"""

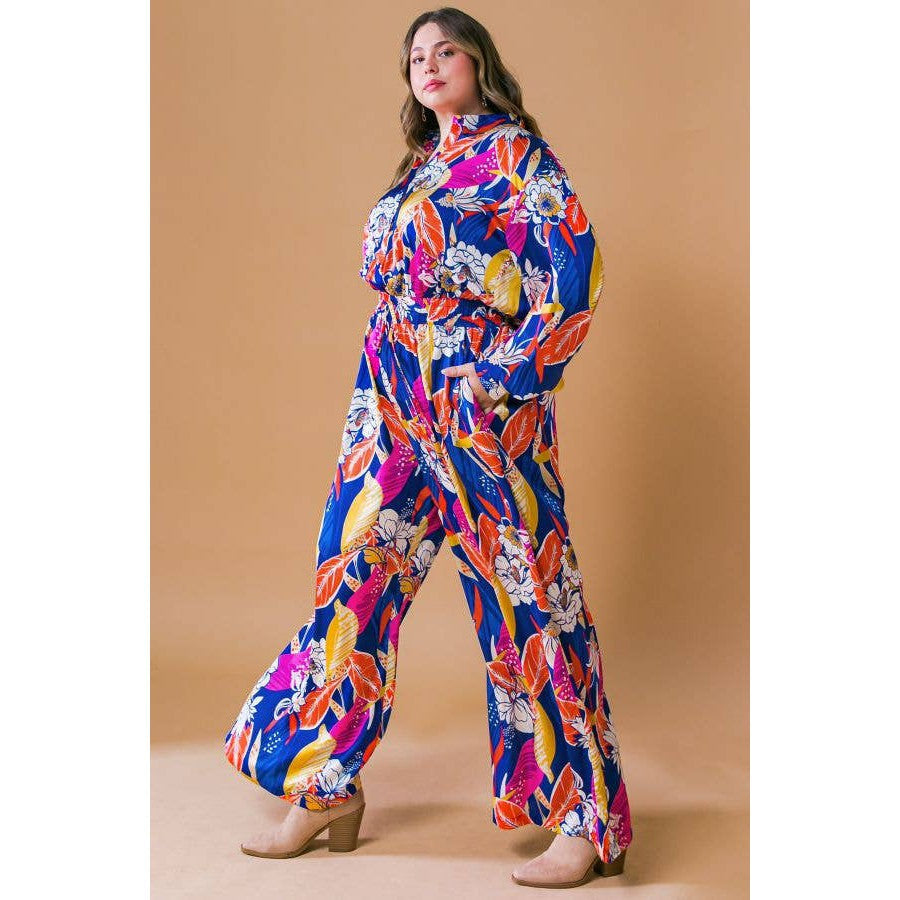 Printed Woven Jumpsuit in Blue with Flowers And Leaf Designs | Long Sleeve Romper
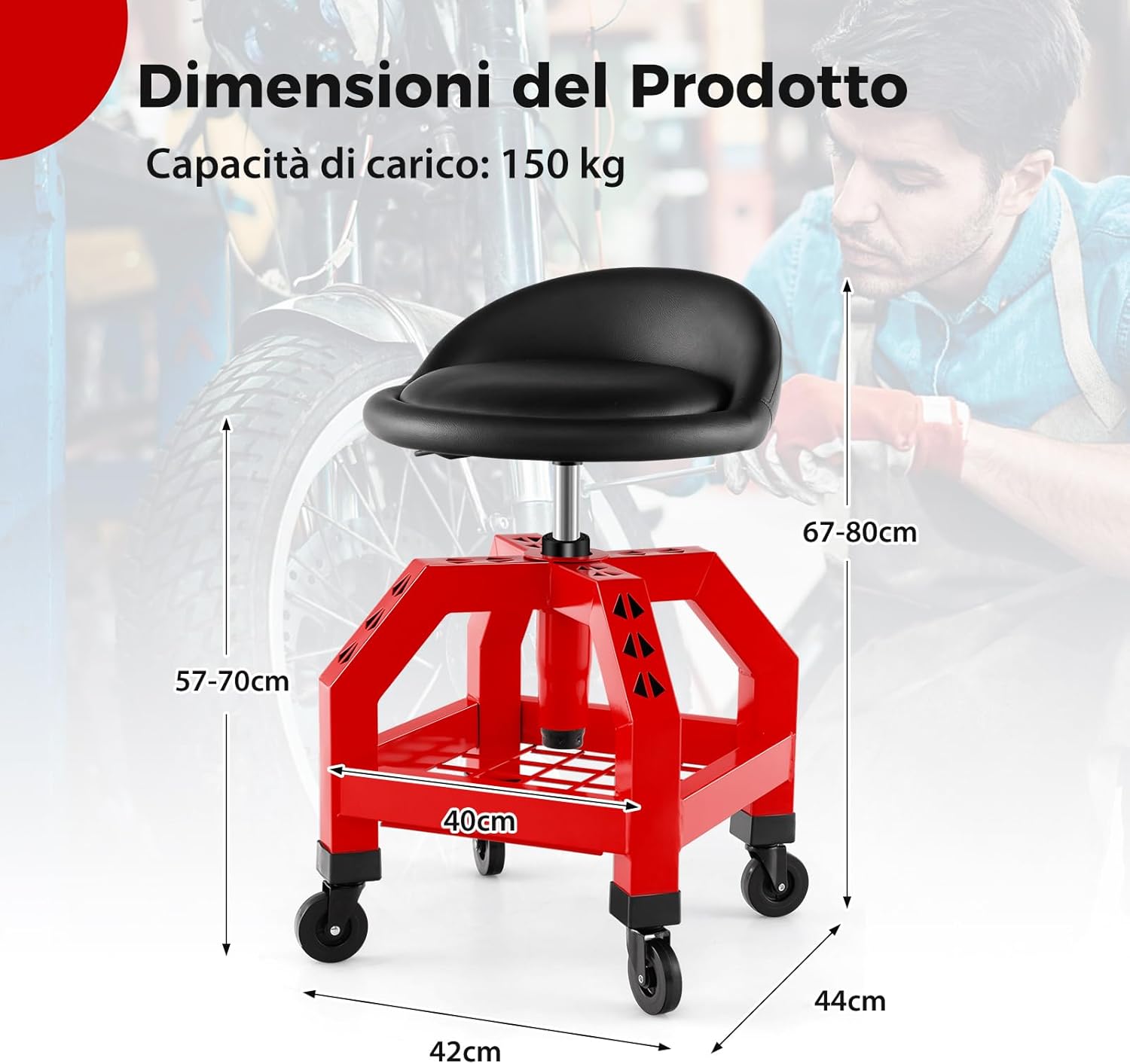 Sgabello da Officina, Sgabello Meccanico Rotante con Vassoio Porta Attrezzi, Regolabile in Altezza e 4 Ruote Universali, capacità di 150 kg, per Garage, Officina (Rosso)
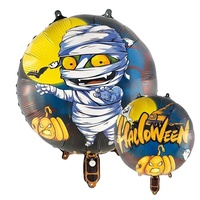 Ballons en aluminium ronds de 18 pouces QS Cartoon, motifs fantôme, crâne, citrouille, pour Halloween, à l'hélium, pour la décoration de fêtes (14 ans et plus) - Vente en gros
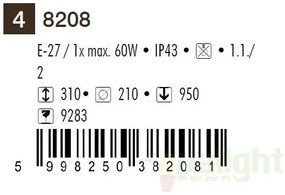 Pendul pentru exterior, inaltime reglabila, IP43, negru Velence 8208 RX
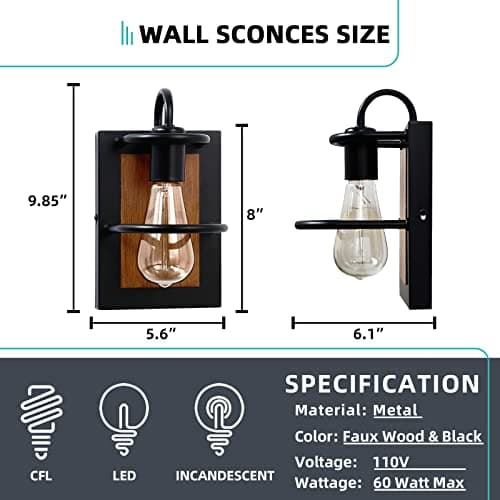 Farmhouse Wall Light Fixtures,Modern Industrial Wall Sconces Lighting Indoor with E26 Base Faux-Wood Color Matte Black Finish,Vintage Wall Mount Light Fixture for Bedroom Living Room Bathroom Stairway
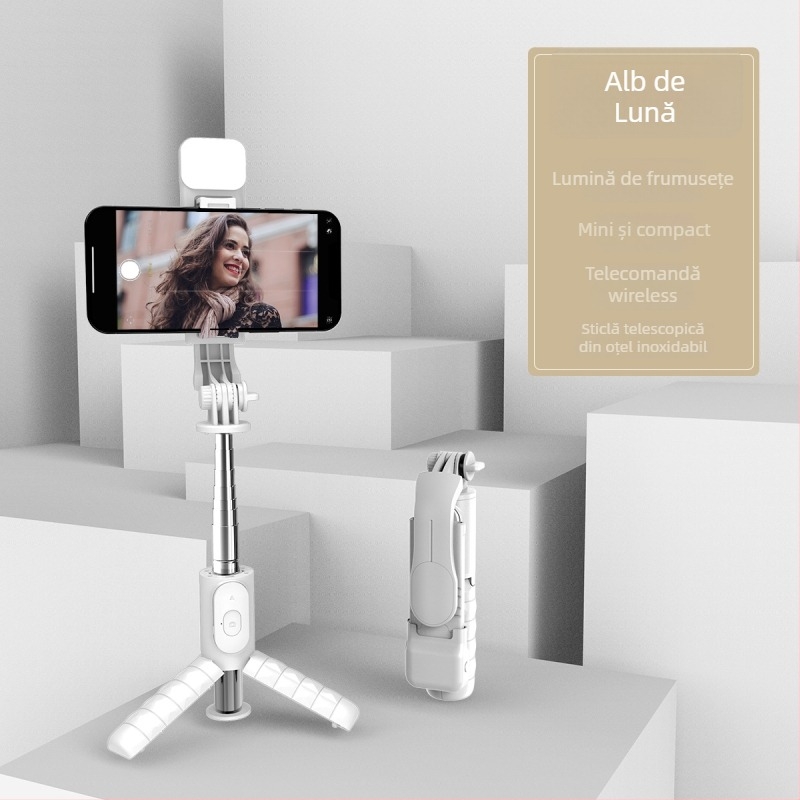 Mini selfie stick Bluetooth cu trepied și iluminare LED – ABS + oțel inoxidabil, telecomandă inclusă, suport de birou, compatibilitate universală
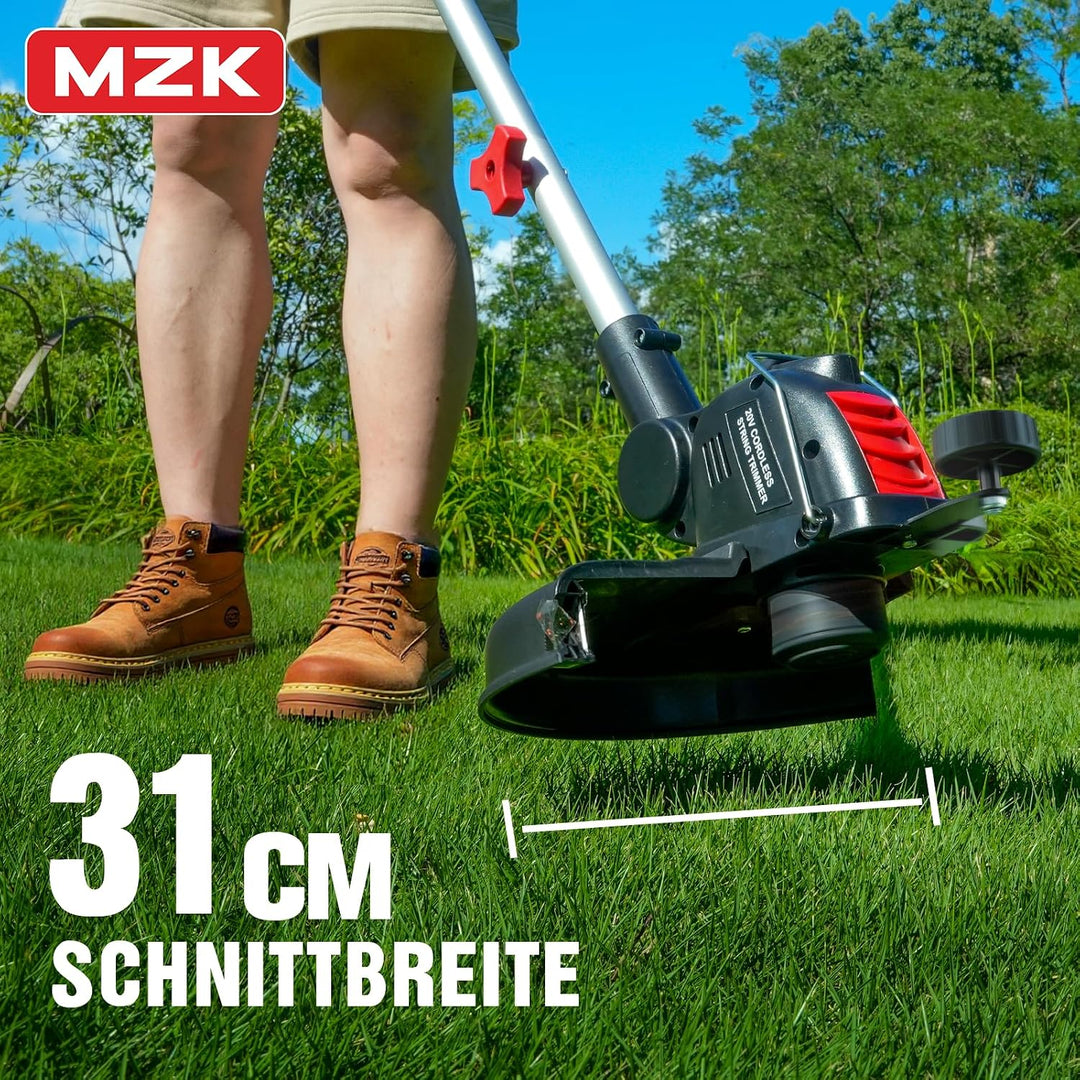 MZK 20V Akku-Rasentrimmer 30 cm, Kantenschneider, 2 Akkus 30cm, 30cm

"""

§ AIM OF THE EXERCISE:
The copy you return must match the records above exactly, minus any images.

§ EXERCISE RESPONSE:
 Printed Woven Jumpsuit in Blue with Flowers And Leaf Designs | Long Sleeve Romper
 Sgabello da Officina, Sgabello Meccanico Rotante con Vassoio Porta Attrezzi, Regolabile in Altezza e 4 Ruote Universali, capacità di 150 kg, per Garage, Officina (Rosso)
 Ballons en aluminium ronds de 18 pouces QS Cartoon, motifs fantôme, crâne, citrouille, pour Halloween, à l'hélium, pour la décoration de fêtes (14 ans et plus) - Vente en gros
 Pendul pentru exterior, inaltime reglabila, IP43, negru Velence 8208 RX
 Farmhouse Wall Light Fixtures,Modern Industrial Wall Sconces Lighting Indoor with E26 Base Faux-Wood Color Matte Black Finish,Vintage Wall Mount Light Fixture for Bedroom Living Room Bathroom Stairway
 Mini selfie stick Bluetooth cu trepied și iluminare LED – ABS + oțel inoxidabil, telecomandă inclusă, suport de birou, compatibilitate universală
 MZK 20V Akku-Rasentrimmer 30 cm, Kantenschneider, 2 Akkus 30cm, 30cm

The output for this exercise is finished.